> _Listed records_:
◇ ◇ ◇

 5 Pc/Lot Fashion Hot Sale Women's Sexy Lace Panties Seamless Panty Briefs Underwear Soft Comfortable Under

◇ ◇ ◇

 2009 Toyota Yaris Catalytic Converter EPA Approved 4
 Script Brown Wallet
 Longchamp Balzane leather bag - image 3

◇ ◇ ◇

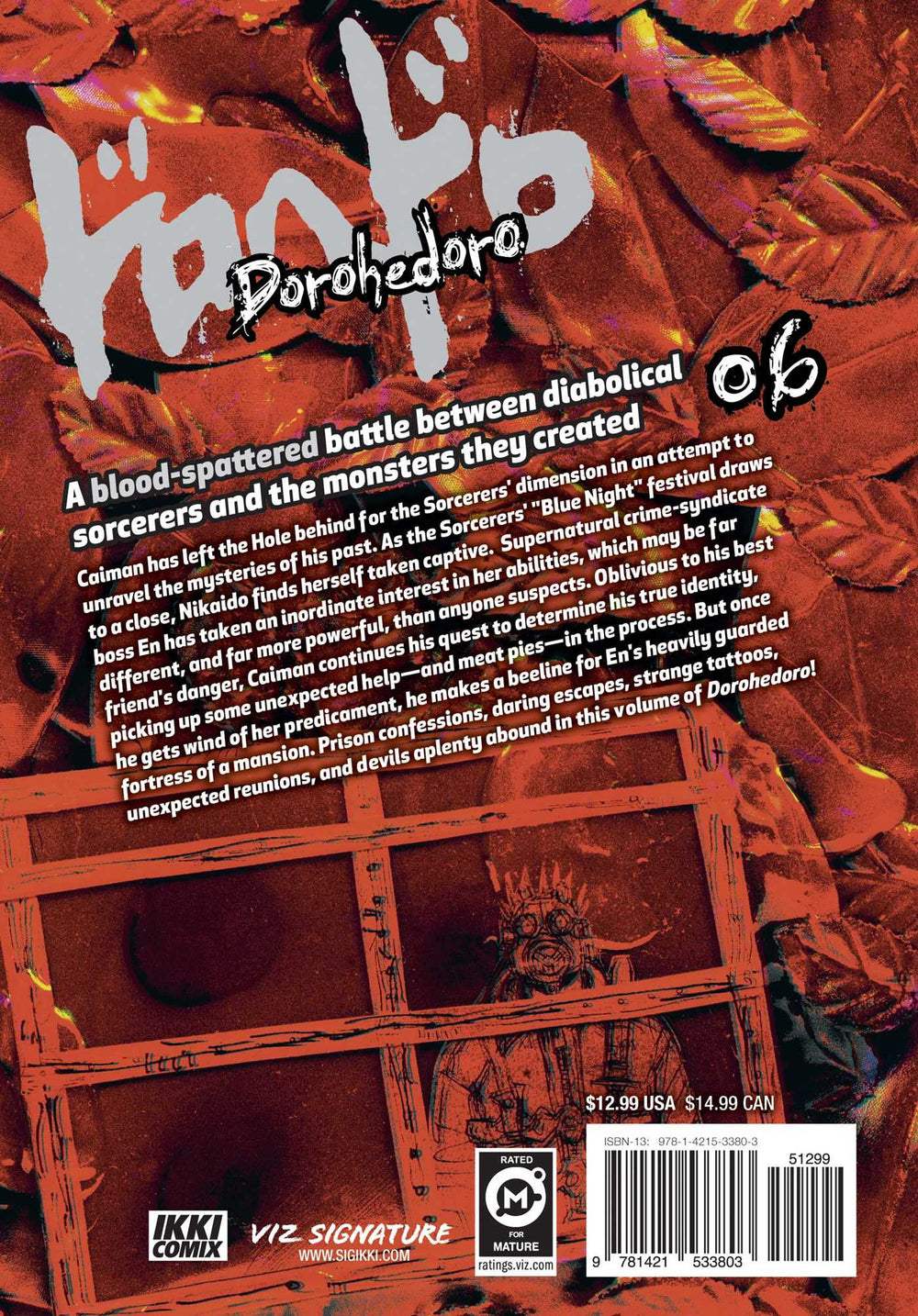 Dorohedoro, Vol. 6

◇ ◇ ◇

> _What the task requires_: Retype, exactly and in full, the lines above from the one containing "2009 Toyota Yaris" through the one containing "Longchamp Balzane leather bag - image 3".

> _Task response_:
 2009 Toyota Yaris Catalytic Converter EPA Approved 4
 Script Brown Wallet
 Longchamp Balzane leather bag - image 3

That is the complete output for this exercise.